Kumudam
- Asin and Suriya on 10 October 2007 cover of Kumudam
- Frequency: Weekly
- Total circulation (1986): 620,000
- Founder: S.A.P Annamalai P.V. Parthasarathy
- Founded: 1947; 78 years ago
- Company: Kumudam Group
- Country: India
- Based in: Chennai, Tamil Nadu
- Language: Tamil
- Website: Kumudam.com
- OCLC: 416964234

= Kumudam =

Tamil weekly magazine

Kumudam is a Tamil weekly magazine published in Chennai, Tamil Nadu India. It was founded in 1948 by S.A.P. Annamalai, and his close friend and confidant P.V. Parthasarathy. Now the magazine is published under the Kumudam Group, which also publishes other Tamil magazines including Kumudam Reporter, Kumudam Snehidi, Kumudam Bhakti, Kumudam Jothidam, Kumudam Theeranadhi. The Kumudam Group started a Telugu spiritual magazine called Kumudam Bhakthi Special.
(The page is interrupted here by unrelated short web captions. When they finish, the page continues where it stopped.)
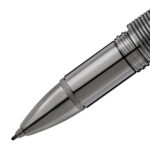 Montblanc Starwalker Midnight Black Metal Fineliner Pen - Image 2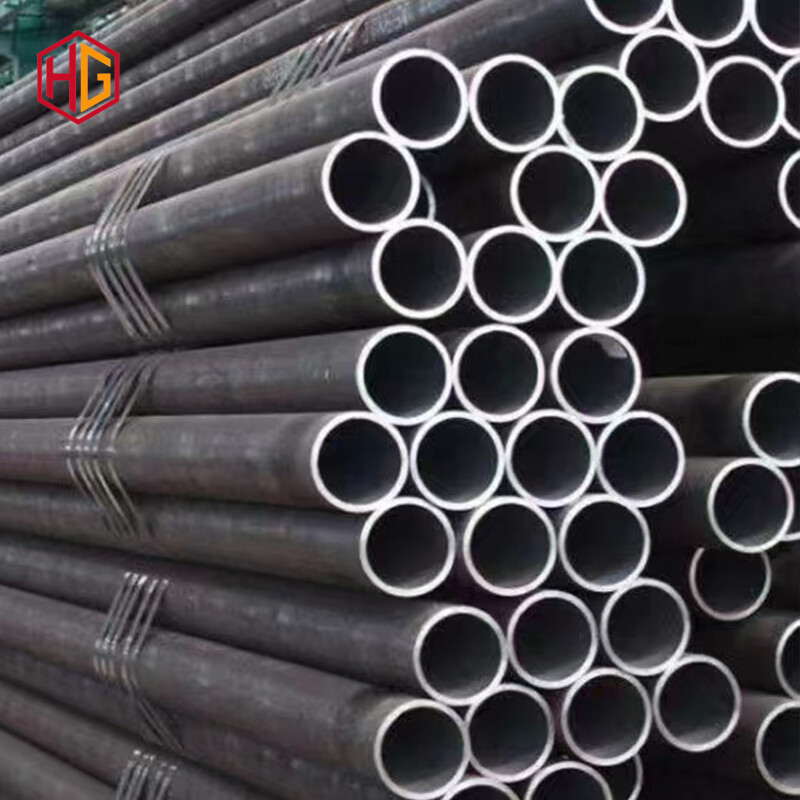 API5CT Seamless&Welded Pipe Piles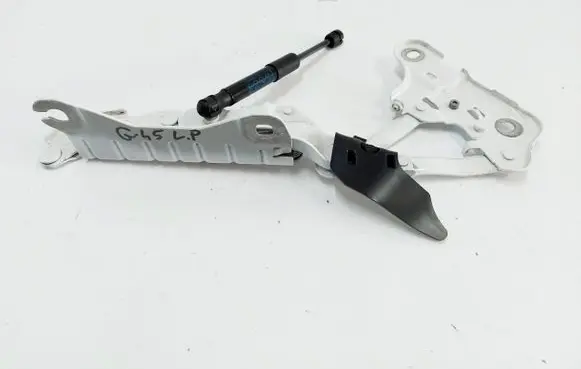 BMW X3 G45 Engine bonnet/hood hinges 5A2CD93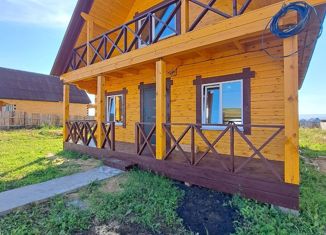 Дом на продажу, 130 м2, деревня Грановщина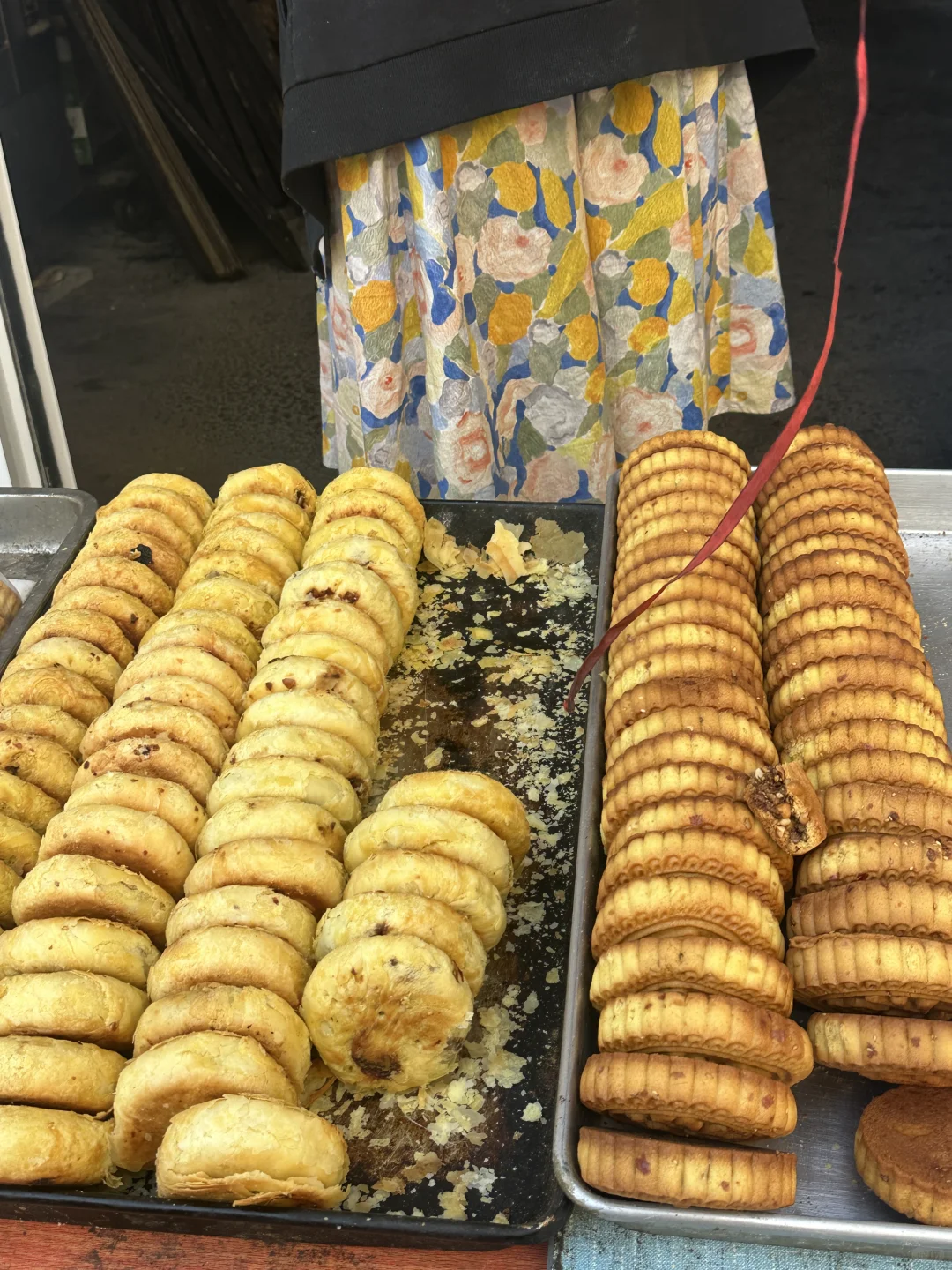 邯郸周边游：宠物友好的走马槽真的太棒啦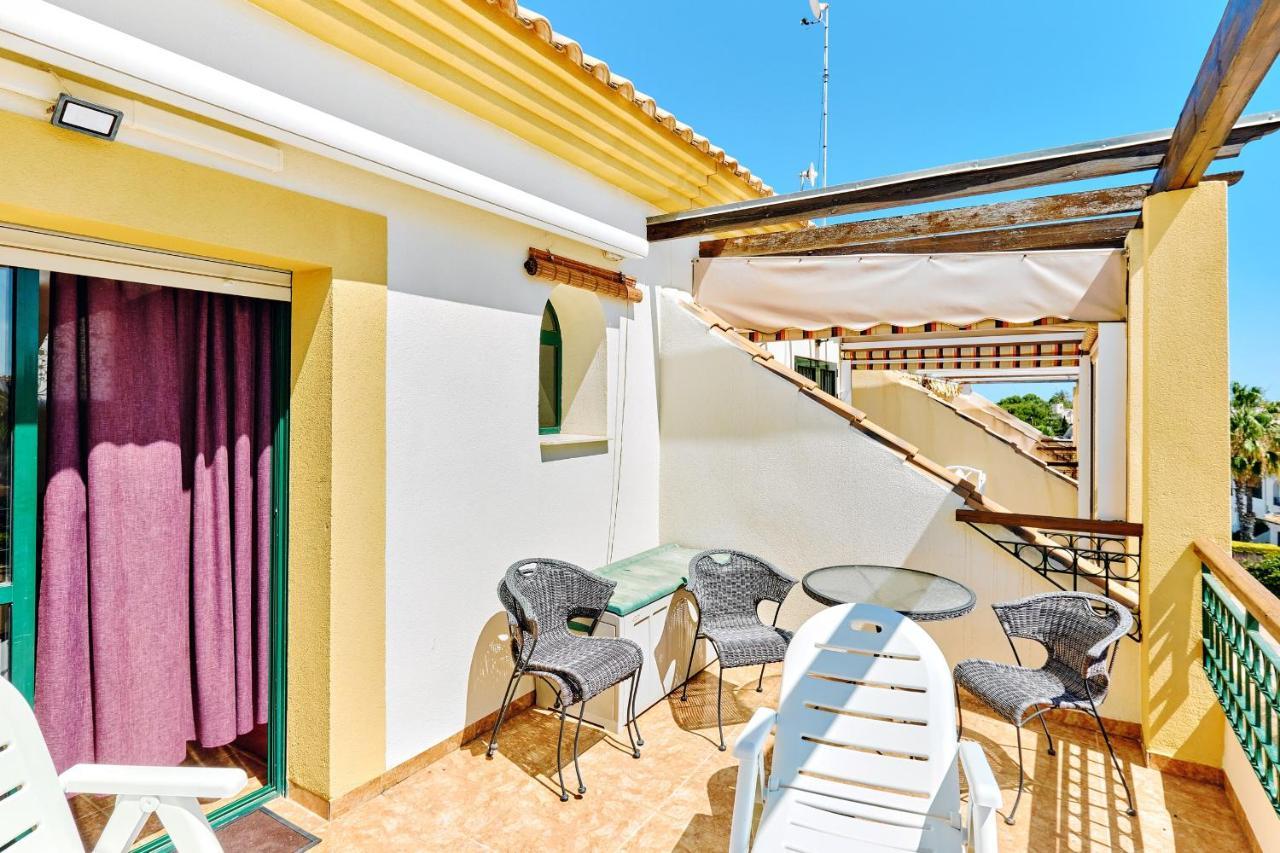 Espanhouse Sonia In La Zenia Playas De Орихуела Екстериор снимка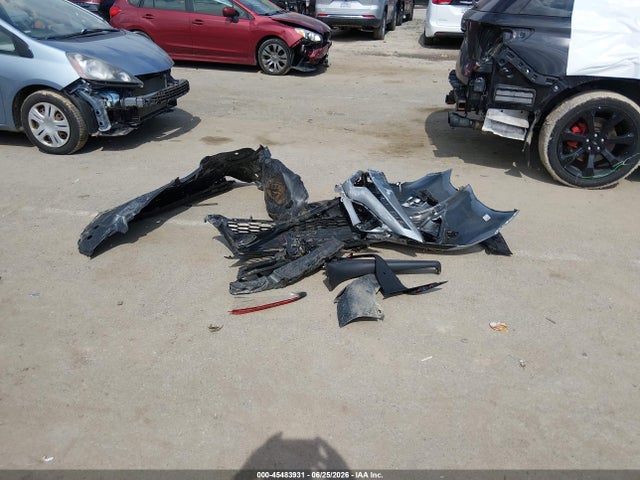 Продаж на аукціоні авто 2022 Toyota Camry Se Awd, vin: 4T1G11BK2NU058266, номер лоту: 45483931
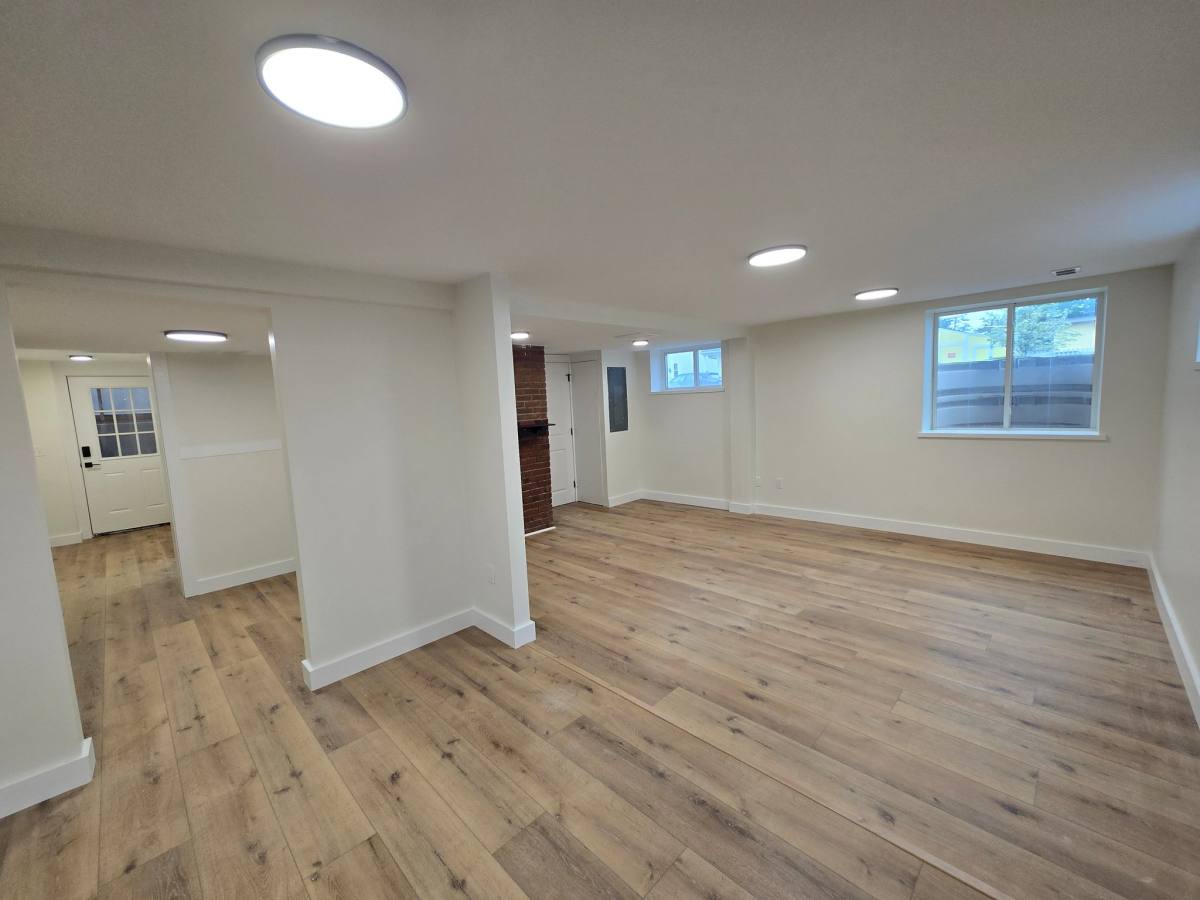 Apartment for rent at 20 Poirier Place #1, Burlington, VT 05408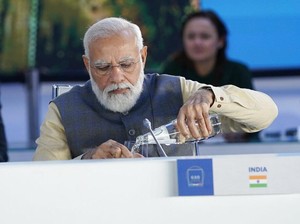 India Berencana Ganti Nama Resmi, Jadi Apa?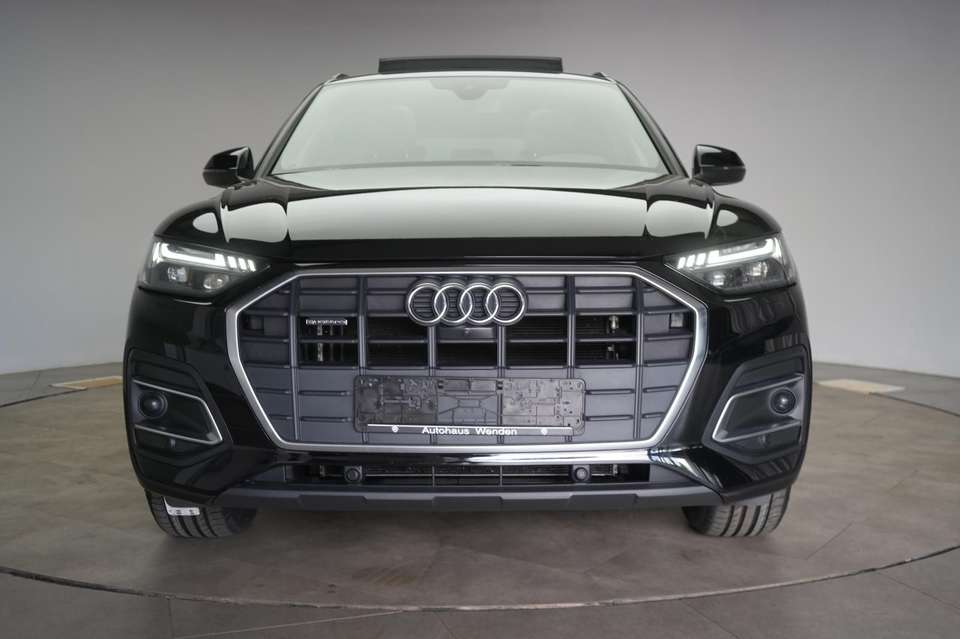 Audi Q5 - Imagem 2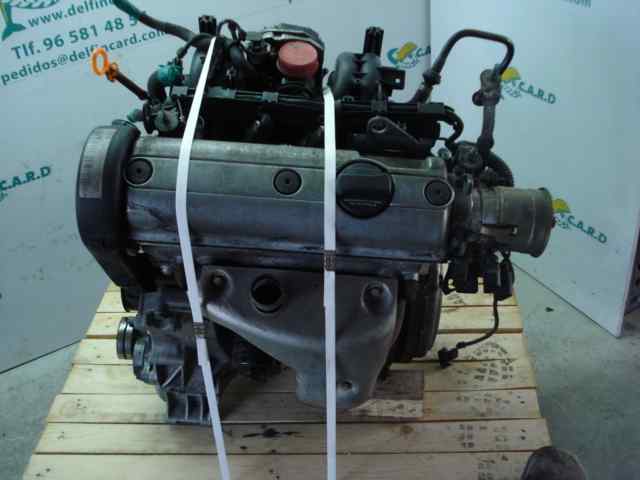 PORSCHE Cordoba 1 generation (1993-2003) Motor ALM 18434859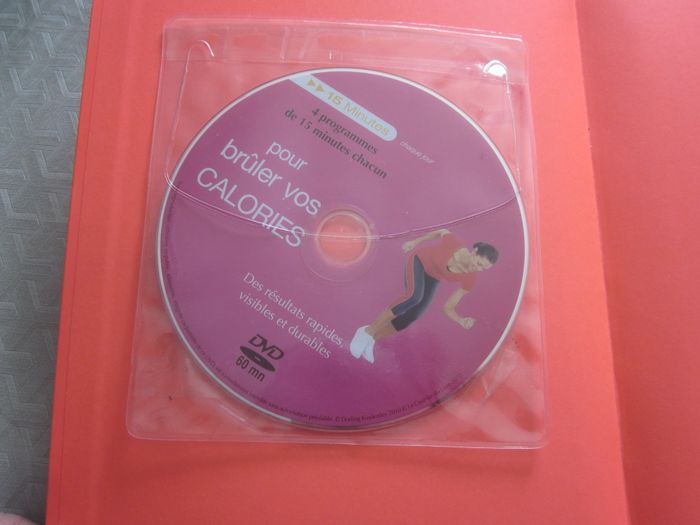 livre dvd - photo numéro 4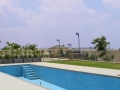 Luxury Villas for sale in Moshav Neot Golan.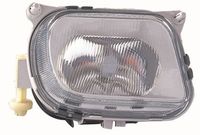 Front Fog Light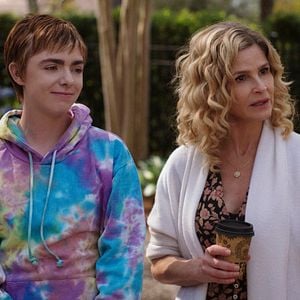 Fotoğraf Kyra Sedgwick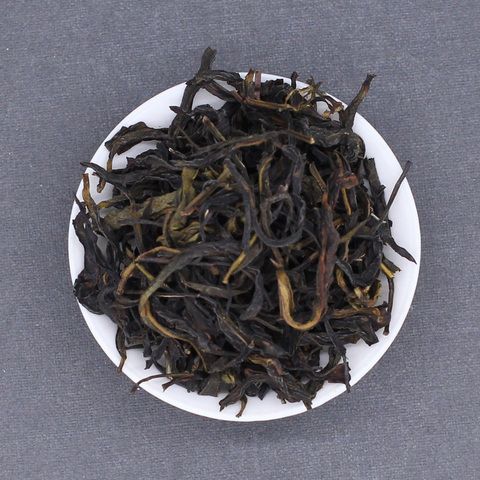 Да У Е Дань Цун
It had a circulation of 620,000 copies in 1986. The website kumudam.com attracted over 66,000 visitors in 2008, according to a Compete.com survey.

==Criticism==
In September 2015, Kumudam faced criticism when an article published in Kumudam Reporter criticised women wearing leggings. The women's pictures used in the article were reportedly printed without consent. The article received considerable social media attention, resulting in a petition on Change.org, which received over 17,500 signatures.